Cats weave their way in and out of Pratchett’s books. perfect pen-portraits. Always stylish, enduringly witty. But his greatest work on cats is not one of his stories, but a kind of stray-cat-manual, a fabulous frank appraisal of these creatures man cannot seem to live without. Called The Unadulterated Cat, it is well worth a read because it is an unvarnished truth. He does not mince his words. Gloriously.
“Boot-faced cats,” he writes, “aren’t born but made, often because they’ve tried to outstare or occasionally rape a speeding car and have been repaired by a vet who just pulled all the bits together and stuck the stitches in where there was room. Most Boot-faced cats are black. Strange but true.”

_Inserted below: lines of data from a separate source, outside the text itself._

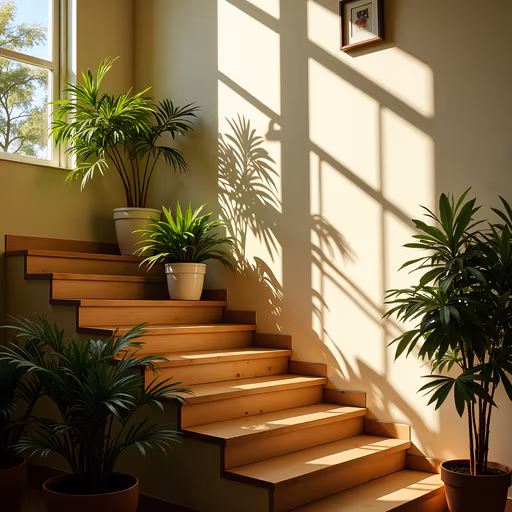 Sunlit Staircase with Plants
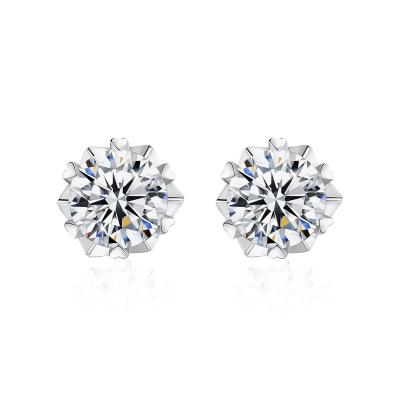 China Six Cute Claw 925 Sterling Silver Simple and Small Hexagram Snowflake Grad Moissanite Stud Earrings for sale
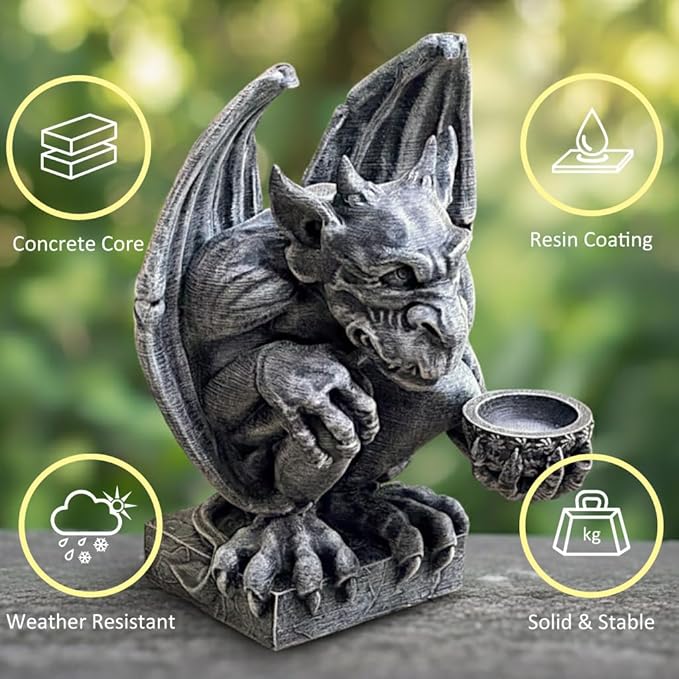 OLOMA Gargoyle Statue for Garden Mythical Gothic Outdoor Sculpture Fantasy Decor with Aged Stone Appearance Weather Resistant Durable Outdoor Indoor Yard Patio Landscape Accent
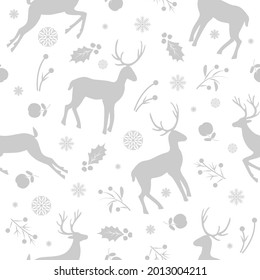 Weihnachtsnahtloses Muster für Grußkarten, Wickelpapier, Textilien, Tapete, Wrapper.Winterhintergrund von Hirsch, Schneeflocken, Beeren.Vektorgrafik.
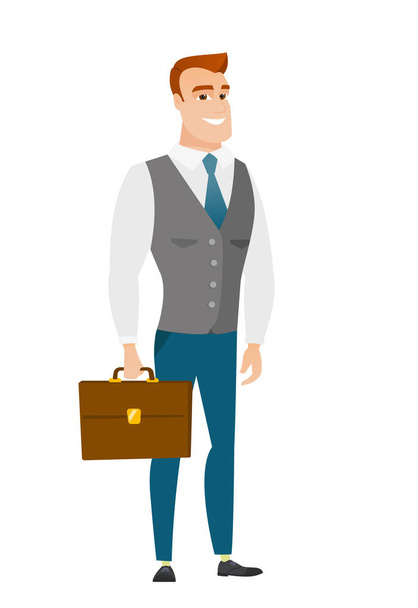 Caucasian business man holding briefcase. - Vector, imagen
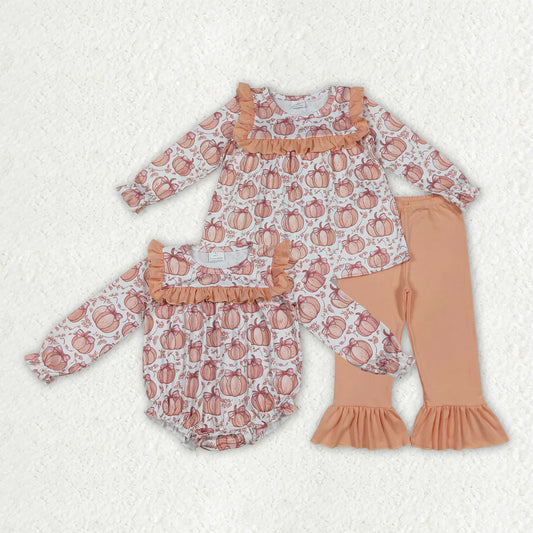 10.1 RTS Sibling Baby Girls Fall Bow Pumpkins Rompers Outfits Clothes Sets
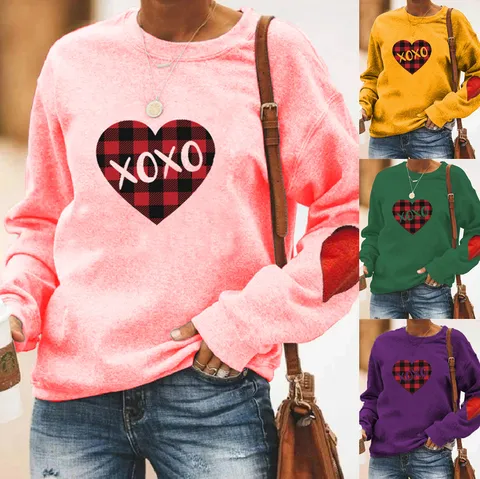 Sweatshirt Unisexe à Manches Longues et Col Rond Imprimé Cœur Saint-Valentin Pullover Polaire Chaude Décontracté Style Urbain Homme Femme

Adventurers, black cats. I know they are, because mine has clearly set out on an epic exploration; it has been three weeks now since Clive Bond strolled out of the house one Tuesday evening. He has a microchip, yet continues to evade capture. He does not have a boot face, but he’s a bad bold boy, as I once heard a nun comment about a classroom companion.
But how strange that the black cat pads so insistently through the stories man tells.
We had a get rich quick scheme: employ Clive to walk across people’s paths. It’s lucky here, is it there?
But the Slavs: they had a different take on the scruffy black cat. They called it the Ovinnik, and it was a little god; and if you saw it you turned and ran in the opposite direction.
It was easy to spot an Ovinnik. It looked like a large, dishevelled black cat, but you knew something was a little awry because its eyes glowed like coals.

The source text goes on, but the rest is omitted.